Die Polizei hat also etwas getan und es hat - jedenfalls nach allem was wir wissen - auch positive Wirkung in der Sicherheitssituation, bisher bezogen auf die U-Bahn, künftig wahrscheinlich auch in der S-Bahn. Aber natürlich kann nicht an jedem Bahnhof jederzeit und auch nicht in jedem Waggon eine Streife unterwegs sein, weshalb auch in Zukunft solche Fälle nicht ganz verhindert werden können. Aber: Gutes Personal ist teuer. Und da sind wir beim Kern der Forderung nach höheren Strafen: Diese ist sehr billig und erzielt beim Wahlvolk trotzdem eine gute Wirkung: "Wir tun etwas gegen Gewalt, die anderen Parteien nicht."

Schon an anderer Stelle habe ich angeführt, dass der in der Öffentlichkeit bestehende (zum Teil auch gezielt erzeugte) Eindruck, die Jugendgewalt nehme "überhand" und man müsse nun endlich etwas tun, nicht zutrifft. 2008 sind - im Hellfeld! - auch diese Zahlen (leicht) rückläufig.

Nachdem sich die tiefe Ergriffenheit ein wenig gelegt hat, ist festzuhalten: Diese Tat hat sich tief in die Herzen der Menschen und sicher auch in ihr Gedächtnis eingeprägt. Deshalb war der Tod des Unternehmers Dominik Brunner zwar sinnlos, aber sein beispielhaftes Handeln war nicht umsonst.

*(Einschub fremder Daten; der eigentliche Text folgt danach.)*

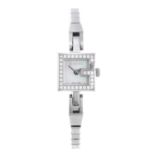 GUCCI - a lady's Mini G bracelet watch. Stainless steel case with white stone set bezel. Reference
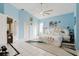 Bright bedroom with blue walls, a unique white bed, tile floors, and ample natural light through the windows at 9301 Tournament Dr, Hudson, FL 34667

Die Staatsanwaltschaft München I hat nunmehr gegen die beiden jungen Männer Anklage wegen Mordes vor der Jugendkammer erhoben. Bei dem älteren wird das Gericht entscheiden müssen, ob er dem Jugend- oder dem Erwachsenenstrafrecht unterliegt. Das Jugendstrafrecht sieht eine Höchststrafe von 10 Jahren vor. Bei Anwendung des Erwachsenenstrafrechts und einem Schuldspruch wegen Mordes droht lebenslange Freiheitsstrafe.

Ich gehe mal davon aus, dass der Prozessbeginn Anlass gibt, einen Blogbeitrag einzustellen.